While Pascucci argues that article 36 is unconstitutional for a variety of reasons, it is unnecessary to reach those questions. Section 36 — 2, as heretofore noted, provides that the State’s Attorney may remit the forfeiture in appropriate circumstances and that he “shall exercise his discretion * * * promptly after notice is given [him] in accordance with Section 36 — 1. If the State’s Attorney does not cause the forfeiture to be remitted he shall forthwith bring an action for forfeiture * * (Emphasis added.) The sheriff notified the State’s Attorney on October 28, the day after the car was turned over to the sheriff.

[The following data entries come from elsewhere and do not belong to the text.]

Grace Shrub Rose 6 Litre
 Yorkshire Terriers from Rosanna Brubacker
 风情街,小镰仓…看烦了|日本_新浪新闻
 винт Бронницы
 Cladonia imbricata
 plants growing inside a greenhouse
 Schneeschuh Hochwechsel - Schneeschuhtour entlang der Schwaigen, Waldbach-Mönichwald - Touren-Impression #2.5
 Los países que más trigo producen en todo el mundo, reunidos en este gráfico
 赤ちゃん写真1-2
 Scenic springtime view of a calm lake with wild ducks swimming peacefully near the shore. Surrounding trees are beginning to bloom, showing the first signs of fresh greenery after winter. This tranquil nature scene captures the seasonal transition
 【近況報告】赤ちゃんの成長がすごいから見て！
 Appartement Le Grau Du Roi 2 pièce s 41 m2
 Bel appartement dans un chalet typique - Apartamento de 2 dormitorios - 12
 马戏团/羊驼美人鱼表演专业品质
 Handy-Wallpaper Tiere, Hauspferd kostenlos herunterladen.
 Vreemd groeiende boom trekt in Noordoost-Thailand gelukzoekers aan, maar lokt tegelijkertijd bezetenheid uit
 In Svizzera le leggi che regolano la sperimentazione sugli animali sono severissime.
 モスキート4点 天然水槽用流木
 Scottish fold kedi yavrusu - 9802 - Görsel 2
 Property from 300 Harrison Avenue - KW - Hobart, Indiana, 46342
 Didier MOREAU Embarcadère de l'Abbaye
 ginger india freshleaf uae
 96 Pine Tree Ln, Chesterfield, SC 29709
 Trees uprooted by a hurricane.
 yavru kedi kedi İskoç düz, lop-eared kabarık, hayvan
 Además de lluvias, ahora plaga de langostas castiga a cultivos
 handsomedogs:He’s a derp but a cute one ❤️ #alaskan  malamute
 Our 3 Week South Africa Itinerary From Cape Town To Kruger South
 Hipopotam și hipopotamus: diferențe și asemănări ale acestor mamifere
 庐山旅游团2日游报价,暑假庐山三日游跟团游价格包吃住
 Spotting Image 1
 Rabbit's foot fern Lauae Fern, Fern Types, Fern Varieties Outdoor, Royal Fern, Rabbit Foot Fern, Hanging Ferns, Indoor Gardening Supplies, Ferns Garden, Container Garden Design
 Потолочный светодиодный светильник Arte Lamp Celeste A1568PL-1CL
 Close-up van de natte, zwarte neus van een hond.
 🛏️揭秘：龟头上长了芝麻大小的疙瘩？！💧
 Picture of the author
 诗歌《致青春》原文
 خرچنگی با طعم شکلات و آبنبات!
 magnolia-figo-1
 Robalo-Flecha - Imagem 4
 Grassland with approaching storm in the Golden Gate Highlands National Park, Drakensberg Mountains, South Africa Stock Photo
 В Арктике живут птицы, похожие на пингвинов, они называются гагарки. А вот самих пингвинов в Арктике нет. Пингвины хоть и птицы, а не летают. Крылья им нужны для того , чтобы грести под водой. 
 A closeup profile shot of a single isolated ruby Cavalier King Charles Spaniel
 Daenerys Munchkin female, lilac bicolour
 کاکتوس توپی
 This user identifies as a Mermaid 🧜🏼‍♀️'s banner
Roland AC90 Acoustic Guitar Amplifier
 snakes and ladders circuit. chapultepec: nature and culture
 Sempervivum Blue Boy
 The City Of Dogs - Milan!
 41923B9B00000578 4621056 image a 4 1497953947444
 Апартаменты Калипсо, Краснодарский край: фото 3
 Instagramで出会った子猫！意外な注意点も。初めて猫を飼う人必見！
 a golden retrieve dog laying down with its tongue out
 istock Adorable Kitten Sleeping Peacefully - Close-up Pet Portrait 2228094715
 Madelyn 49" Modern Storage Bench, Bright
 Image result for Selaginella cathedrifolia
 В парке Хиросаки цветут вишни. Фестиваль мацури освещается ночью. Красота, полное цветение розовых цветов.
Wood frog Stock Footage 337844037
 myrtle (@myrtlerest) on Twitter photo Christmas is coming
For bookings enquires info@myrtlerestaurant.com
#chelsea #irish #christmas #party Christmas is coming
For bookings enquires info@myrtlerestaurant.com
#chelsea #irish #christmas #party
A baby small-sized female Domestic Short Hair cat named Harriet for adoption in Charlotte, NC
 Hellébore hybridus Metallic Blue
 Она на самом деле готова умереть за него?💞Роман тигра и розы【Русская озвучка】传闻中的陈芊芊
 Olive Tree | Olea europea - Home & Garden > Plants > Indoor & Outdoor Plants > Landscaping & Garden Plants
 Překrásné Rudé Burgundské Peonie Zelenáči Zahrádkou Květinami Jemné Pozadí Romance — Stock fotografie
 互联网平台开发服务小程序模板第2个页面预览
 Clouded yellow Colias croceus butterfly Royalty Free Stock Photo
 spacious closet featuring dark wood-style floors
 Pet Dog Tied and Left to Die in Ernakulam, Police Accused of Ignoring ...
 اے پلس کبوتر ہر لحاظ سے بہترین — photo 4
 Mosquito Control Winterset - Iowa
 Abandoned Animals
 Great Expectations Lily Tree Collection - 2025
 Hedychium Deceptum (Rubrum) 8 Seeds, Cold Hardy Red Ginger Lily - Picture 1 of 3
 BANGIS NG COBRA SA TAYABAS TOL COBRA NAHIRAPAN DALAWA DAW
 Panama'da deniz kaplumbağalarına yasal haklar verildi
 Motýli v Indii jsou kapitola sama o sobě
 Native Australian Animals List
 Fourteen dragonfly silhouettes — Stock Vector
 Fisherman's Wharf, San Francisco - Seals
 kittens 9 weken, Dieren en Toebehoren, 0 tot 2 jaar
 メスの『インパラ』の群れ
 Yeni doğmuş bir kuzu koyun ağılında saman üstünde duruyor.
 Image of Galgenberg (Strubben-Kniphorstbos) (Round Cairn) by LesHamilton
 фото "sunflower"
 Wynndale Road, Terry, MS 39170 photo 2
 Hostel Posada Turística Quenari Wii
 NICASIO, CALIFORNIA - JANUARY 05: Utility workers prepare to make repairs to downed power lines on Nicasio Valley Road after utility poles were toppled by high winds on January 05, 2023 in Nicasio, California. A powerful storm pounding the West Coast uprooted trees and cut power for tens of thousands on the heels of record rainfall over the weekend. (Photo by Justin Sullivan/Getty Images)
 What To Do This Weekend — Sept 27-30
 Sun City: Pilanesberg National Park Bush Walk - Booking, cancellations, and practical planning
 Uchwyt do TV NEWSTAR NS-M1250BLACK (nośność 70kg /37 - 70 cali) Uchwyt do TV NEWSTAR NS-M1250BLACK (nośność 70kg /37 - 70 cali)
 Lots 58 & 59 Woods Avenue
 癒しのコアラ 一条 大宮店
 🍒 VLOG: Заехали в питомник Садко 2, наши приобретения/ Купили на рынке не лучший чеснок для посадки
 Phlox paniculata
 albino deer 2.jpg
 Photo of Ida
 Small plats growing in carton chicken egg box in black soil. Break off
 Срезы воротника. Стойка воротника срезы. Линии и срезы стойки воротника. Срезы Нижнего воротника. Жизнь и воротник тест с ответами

The forfeiture action was not filed until February 8, some 105 days later, although Pascucci had demanded return of the car on December 22. The State urges that the Act contemplates some lapse of time since it requires the State’s Attorney to investigate in order to determine whether remission is appropriate and also emphasizes the fact that the statute had been in force only a short time when the State’s Attorney was notified of the seizure and somewhat greater delay can be countenanced in establishing procedures under a new act than would normally be permissible. It is undoubtedly true that the new statute required investigation, research and realignment of staff. But these considerations dp not justify us in ignoring the specific commands of the statute requiring “prompt” determination of the propriety of remission and, if such action is deemed inappropriate, the filing of forfeiture proceedings forthwith. A delay of 3^ months can scarcely be thought consistent with these statutory commands.
The judgment of the circuit court of Cook County is . accordingly reversed and the cause remanded with directions to dismiss the forfeiture proceedings.
Reversed and remanded, with directions.
Mr. Justice Ward took no part in the consideration or decision of this case.